→ **AIM OF THE EXERCISE**
Transcribe each line of the material as it is, and drop any picture.

→ **SUPPLIED MATERIAL**
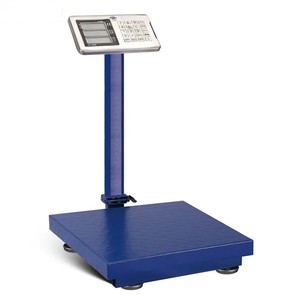 Báscula de Plataforma Digital Mecánica Veidt, 150 kg, 50 g, 30*40 cm, Báscula Industrial Electrónica TCS-K 150 kg 50 g - Product Image 2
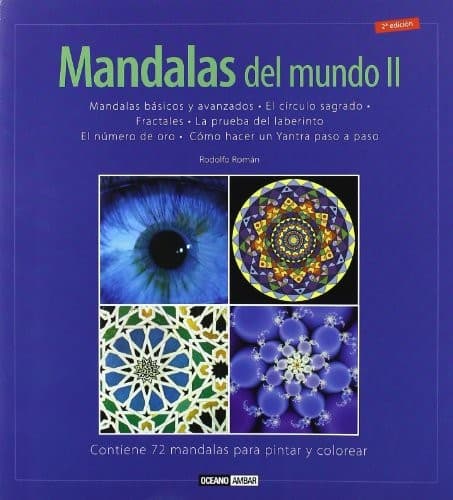 Portada de Mandalas del Mundo II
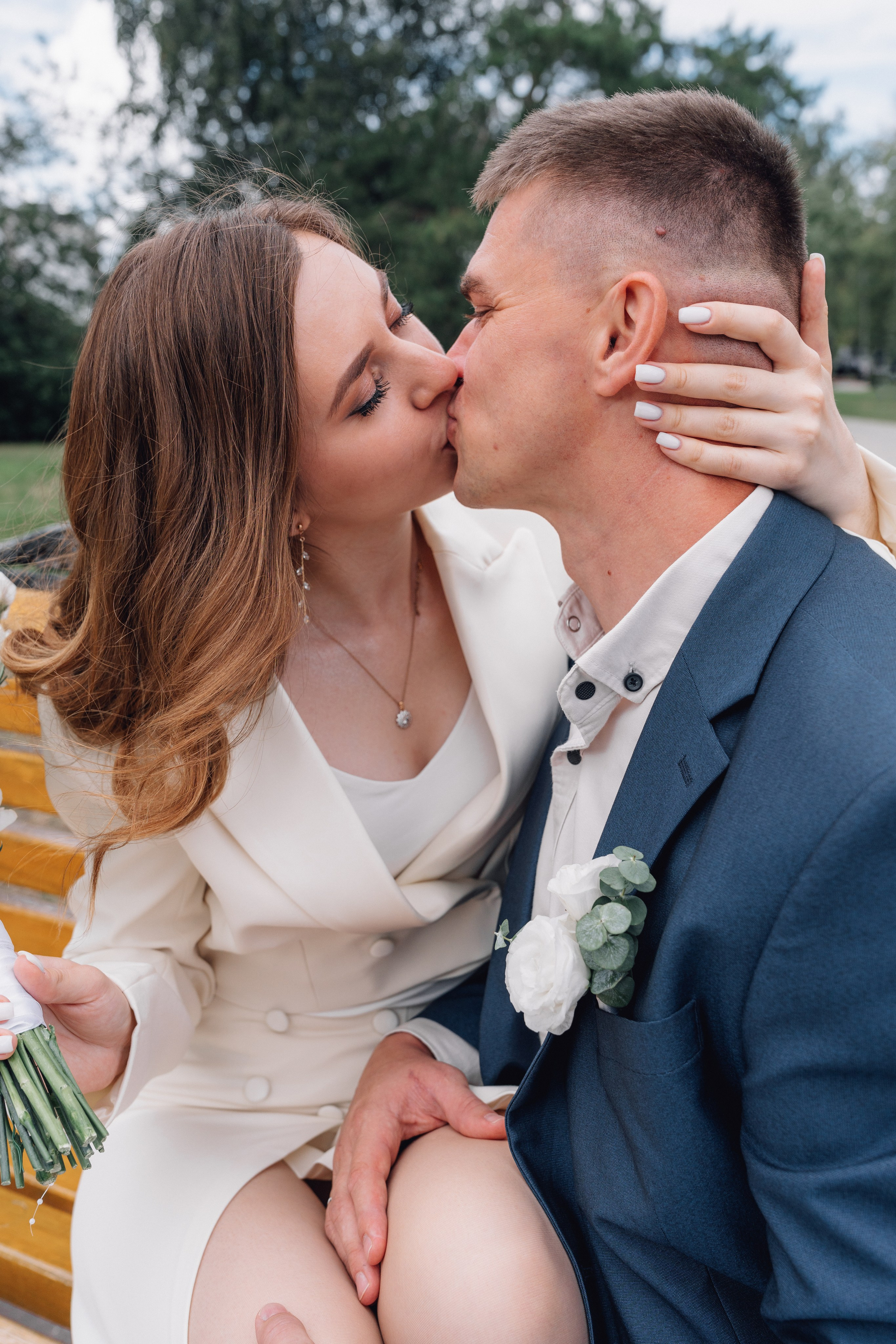 Настя&Дима. Фотограф и видеограф в Тюмени Екатерина Чернецкая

→ **ANSWER BELOW**
 Báscula de Plataforma Digital Mecánica Veidt, 150 kg, 50 g, 30*40 cm, Báscula Industrial Electrónica TCS-K 150 kg 50 g - Product Image 2
 Portada de Mandalas del Mundo II
 Настя&Дима. Фотограф и видеограф в Тюмени Екатерина Чернецкая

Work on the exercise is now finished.